Extreme E 2022: Saudi Arabia

That would be the high point of the weekend, however, with the team quickly learning how fast luck can change when it rolled out of the final early on; an unfortunate instance where Foust made contact with Rosberg X Racing’s Mikaela Åhlin-Kottulinsky while navigating through dust. It was an incident that Gade described as “racing, that is just basically what happened”.

“We cannot change that kind of thing that happened to Tanner because it’s just… sadly… I’ve always believed that you make your own luck, but I have a feeling that this particular series, it’s not really about that, it’s about making sure everybody else has their luck but their luck stays out of your way so that you have a good race,” she said.

Describing his own experience of the Desert X-Prix, Foust admitted that the driving side of the series was a bit more eye-opening than he expected.

“It’s a funny mix of a lot of different sports I’ve done in the past: drifting – it’s kind of like that in that the closer you come to crashing, better you do, without crashing obviously,” he said, eerily ahead of his weekend-ending roll. “And that’s how it is in qualifying in drifting. Rallycross – it’s basically just a sprint.

Extreme E 2022: Saudi Arabia

“And then off-road racing and Baja racing, which I’ve done a bit of – that’s the terrain, that’s reading the terrain, trying to see what’s going to damage the vehicle or flip you over and what won’t.

“So it’s absolutely insane! It’s like having a complete sprint rallycross [race] over the gnarliest terrain ever with a vehicle that really only has so much suspension travel. And so you’re really exceeding what the vehicle’s capable of in suspension travel, and that’s causing a lot of bucking and unpredictability, so it’s scary.”

Speaking from a team perspective, Gade said that McLaren never went to Saudi Arabia with performance goals in mind, but instead it wanted to nail procedural elements and set itself a solid baseline from which to build on.

“In terms of coming here and the performance that we wanted, we never once spoke about what we wanted to do,” she insisted. “I think in the back of everybody’s mind, we needed to get to the final. I think that was the unwritten rule. But we did come with procedures that we wanted to make sure we got right.
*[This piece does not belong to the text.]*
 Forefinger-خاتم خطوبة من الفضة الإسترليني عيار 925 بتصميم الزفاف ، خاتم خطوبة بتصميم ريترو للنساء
“We got some right, we got some that we need to improve on, we got some that we changed as we went along.


“There’s a huge list of takeaways that we have from this of what to do differently is probably the same for every race team when they go to a race, now implementing it and getting better.

“The strength that we have as a group is every single one of us that’s been working in this scenario here for McLaren, we’ve dealt with really high pressured stuff, the F1 guys obviously, my sister with the stuff she’s done in F1, with rallying, even sportscars, it’s been a seriously high level, so what I guess I’m saying is, we know what we’ve got to do, we’ll make it happen, so that the next event we come to, it’ll be even slicker.
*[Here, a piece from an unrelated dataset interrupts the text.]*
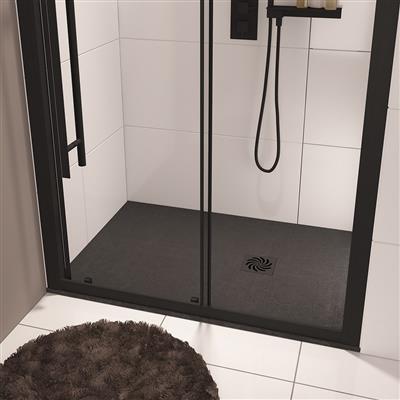  Crossland  1400 x 700mm Rectangular  Shower Tray with Slate Finish - Black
“It’s been thoroughly enjoyable, I have to say. Just the track walk alone, being able to see the spectacular scenery, and then the lines, just learning from two drivers who do off-road stuff incredibly well, and my sister and one of the mechanics, because that’s the core group of off-road people we have here. The rest of us have come from this really kind of regimented [way]. There’s a bit of freedom in this that you don’t get elsewhere and I think that’s been refreshing.”